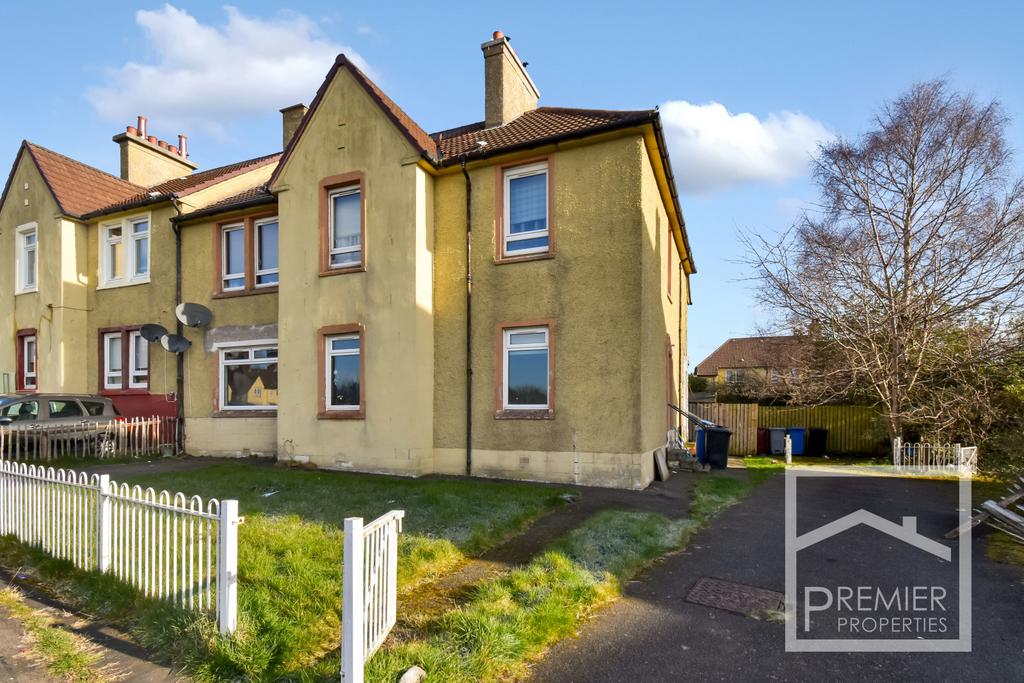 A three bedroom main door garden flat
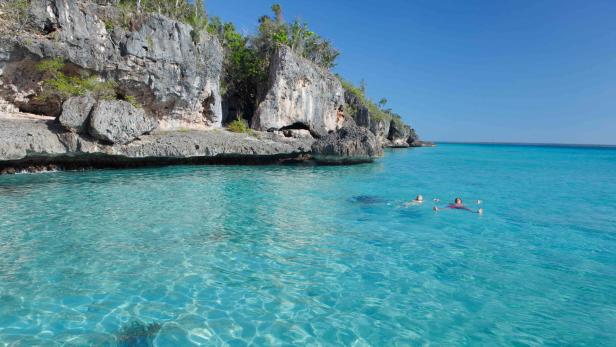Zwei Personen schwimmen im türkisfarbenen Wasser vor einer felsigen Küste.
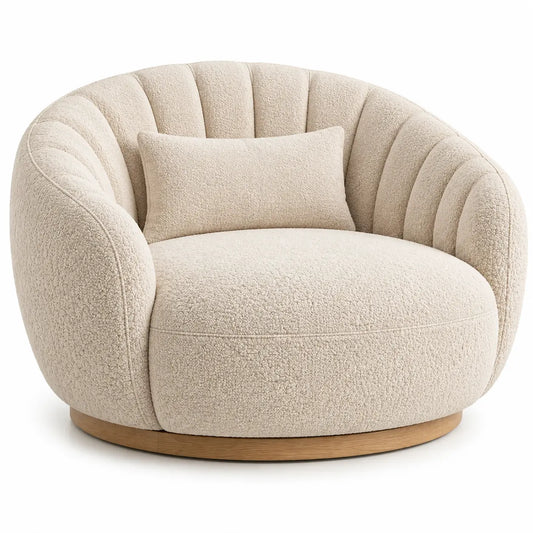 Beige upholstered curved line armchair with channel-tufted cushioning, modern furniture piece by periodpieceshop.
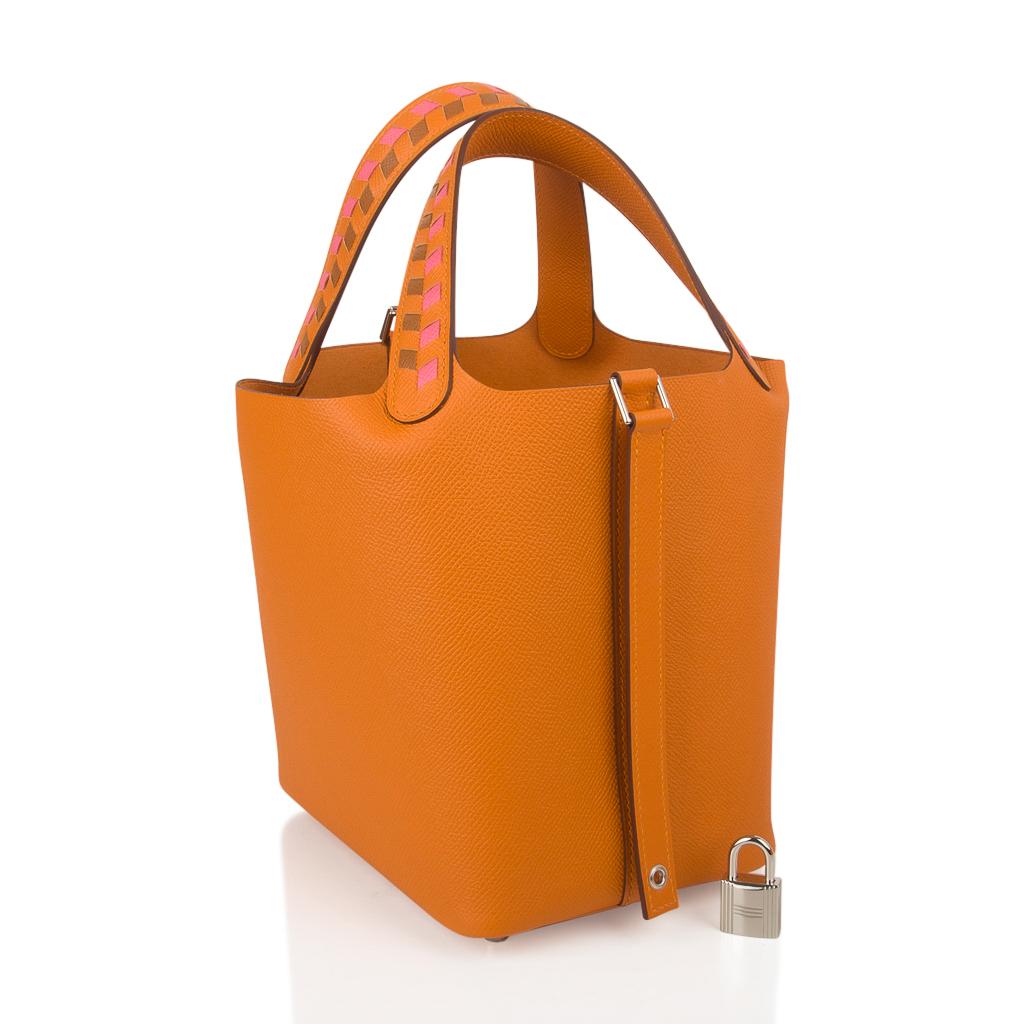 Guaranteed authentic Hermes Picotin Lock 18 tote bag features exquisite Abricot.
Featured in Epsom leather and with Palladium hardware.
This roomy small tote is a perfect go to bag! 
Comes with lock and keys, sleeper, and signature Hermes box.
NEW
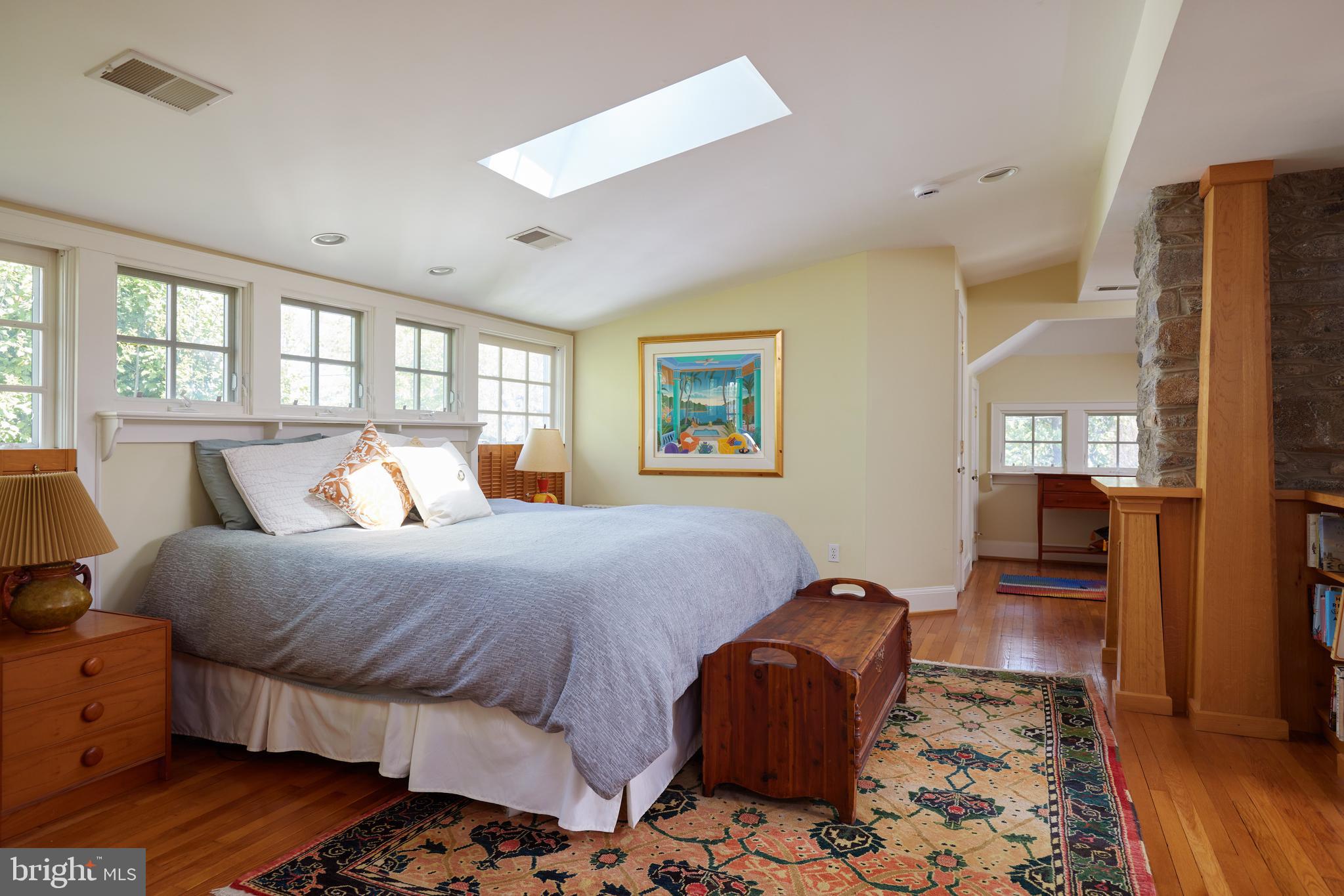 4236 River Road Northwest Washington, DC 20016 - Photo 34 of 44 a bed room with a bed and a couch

DIRECTIONS
Take the listing above and retype it exactly. Its pictures are to be omitted.

ANSWER BOX
 A three bedroom main door garden flat
Zwei Personen schwimmen im türkisfarbenen Wasser vor einer felsigen Küste.
 Beige upholstered curved line armchair with channel-tufted cushioning, modern furniture piece by periodpieceshop.
 Guaranteed authentic Hermes Picotin Lock 18 tote bag features exquisite Abricot.
Featured in Epsom leather and with Palladium hardware.
This roomy small tote is a perfect go to bag! 
Comes with lock and keys, sleeper, and signature Hermes box.
NEW
 4236 River Road Northwest Washington, DC 20016 - Photo 34 of 44 a bed room with a bed and a couch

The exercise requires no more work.